A obra sacra degradada sofreu severos ataques de insetos que provocaram a degradação da estrutura interna e externa, criando porosidade e buracos consideráveis.
“A escultura, totalmente fragilizada, foi o candidato perfeito para testar a técnica. Trata-se do último recurso a ser aplicado no objeto de valor cultural para mantê-lo íntegro”, explicou o pesquisador da CNEN, Pablo Vasquez, que comandou os trabalhos com participação da restauradora Adriana Pires.
O método utilizado pela unidade da Comissão Nacional de Energia Nuclear (CNEN), vinculada ao Ministério da Ciência, Tecnologia e Inovação (MCTI), reduz a utilização de reagentes químicos como os catalisadores, normalmente utilizados para a cura de resinas poliméricas. O processo de radiação não gera contaminação ambiental, possui alta eficiência e penetração. A resina residual pode ser reutilizada.
Antes de executar o processo de consolidação na escultura de São Jerônimo, várias formulações de resinas foram testadas em nível de laboratório, utilizando-se amostras de madeira para verificar a eficiência do processo.
“Uma vez escolhida a composição mais adequada, foram desenvolvidos dispositivos específicos para aplicação na escultura em escala real. Todos estes processos foram acompanhados pela restauradora responsável pela obra”, detalhou o pesquisador.
A peça, de aproximadamente um metro de altura, apresentava danos severos e risco iminente de colapso. Foram aplicadas técnicas avançadas de caracterização, como tomografia, raio-X digital e análises físico-químicas, para avaliar o estado interno do objeto e guiar as etapas do processo.
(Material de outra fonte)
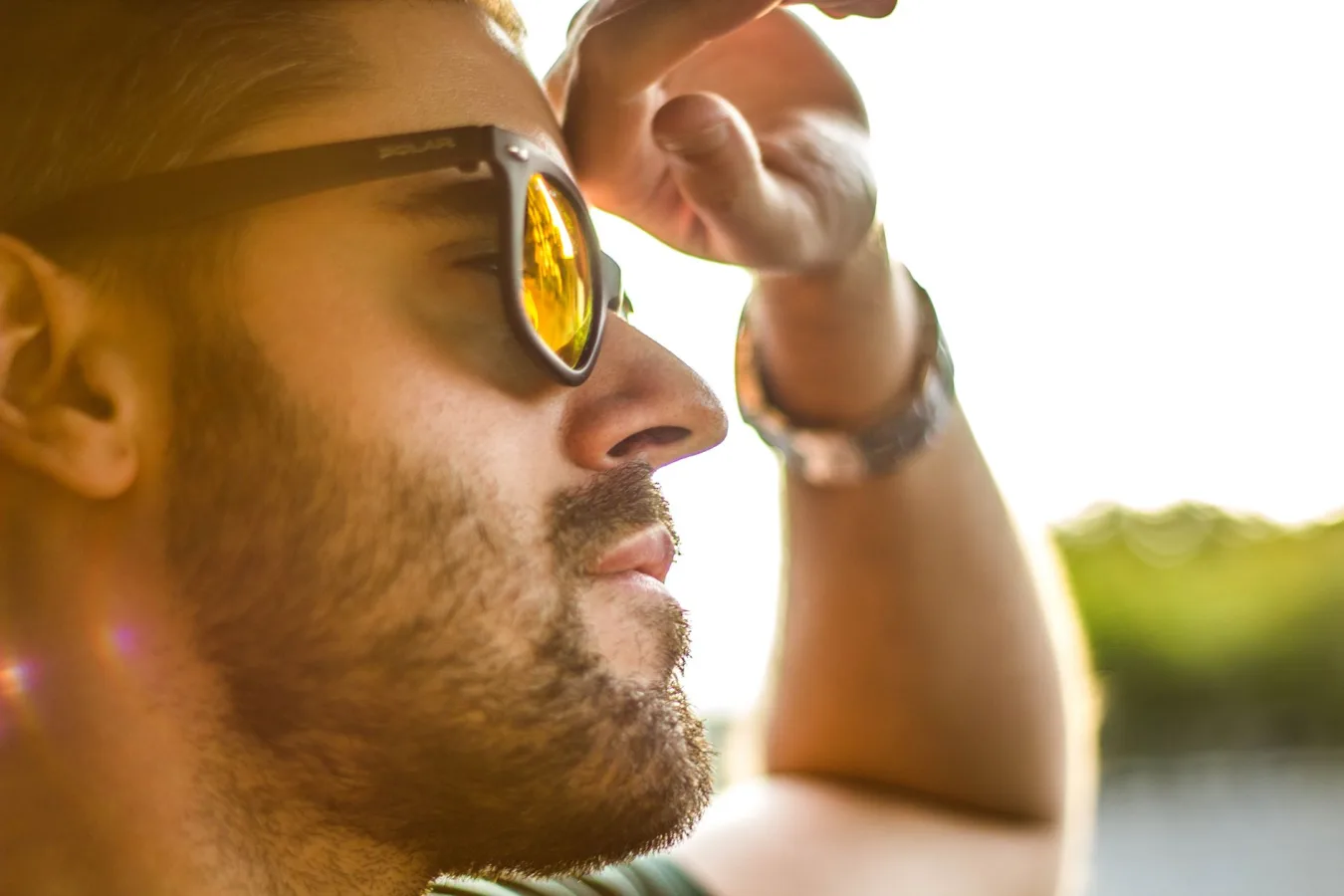 Close-up of a bearded man wearing sunglasses, enjoying a sunny day outdoors.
A consolidação envolveu duas fases de impregnação com formulações à base de poliéster e estireno, seguidas por irradiação com baixa taxa de dose no Irradiador Multipropósito de Cobalto-60 do IPEN/CNEN. A polimerização induzida por radiação proporcionou uma excelente eficiência com alta penetração nas camadas internas da madeira e alta estabilidade química e mecânica.
Aplicação em outras obras
Segundo Pablo Vasquez, o Brasil é um país rico em acervos de materiais orgânicos, madeira, papel, entre outros, que têm sido atacados por insetos e micro-organismos provocando problemas similares e muitas vezes levando a perda total dos objetos. Para ele, a técnica poderá ajudar na preservação de outras obras.
“Esta experiência adquirida pode ser estendida a aplicações nos diversos acervos de outros países, em especial os da América Latina, cujo clima tropical causa os mesmos tipos de danos”, apontou Vasquez.
O IPEN/CNEN é referência internacional na aplicação de radiação para a preservação de acervos artísticos e históricos. Na década de 1990, o Instituto iniciou as primeiras pesquisas. Atualmente, este método foi aplicado na descontaminação e conservação de mais de 50 mil objetos culturais, incluindo obras de grandes nomes da arte brasileira como Tarsila do Amaral, Cândido Portinari, Di Cavalcanti, Alfredo Volpi, Anita Malfatti e Tomie Ohtake.